Brooklyn 100 Influencer: Paul Steely White, Transportation Alternatives
If you’re a good person, your inbox is probably full of emails from Paul Steely White. As the Executive Director of Transportation Alternatives, White is the name on every email that the bicycle-promoting, environmentally conscious organization sends out. And they have a lot to email about. Even though it gets bike-friendlier all the time, certain parts of New York still fiercely hate bikes and bikers, almost to the point of literally wishing them dead. White and his organization are on the forefront of protecting bikers’ rights (their lives!), and building a better city for all of us.

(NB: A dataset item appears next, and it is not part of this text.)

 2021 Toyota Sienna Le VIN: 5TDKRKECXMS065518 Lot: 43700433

How and why did you become involved in your line of work?
In 1997, I moved to Park Slope and saw cars streaming into Prospect Park just as I was trying to gain some peace from the big city I had only recently began to call home. I learned about a group of whip-smart rebels fighting to make the park car-free. That group was and is Transportation Alternatives. Today the park is almost completely car-free, and hopefully this will be the year we reach that goal.
What would you even call what you do?
On my good days, I am a visionary change-maker who is transforming New York City streets. On not so good days, I am just another annoying complainer spinning his wheels.

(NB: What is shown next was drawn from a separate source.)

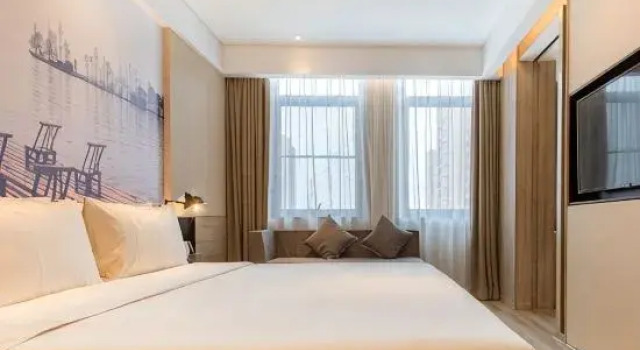 Люкс Superior Atour Hotel Wuhan East Railway Station Optics Valley High-tech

Tell us a little bit about your present work, the Cliffs Notes version of your day to day and what is at stake.
I love the friction of my work. The push-pull-push with politicians, funders and the media; the celebrations and activism with our members; the day-to-day of running a growing organization. In a typical day I do all that, and if I am lucky, I have a breakthrough or two. I love walking or biking down a newly redesigned street with some of my colleagues and getting to say, “Hey, we helped make this happen!”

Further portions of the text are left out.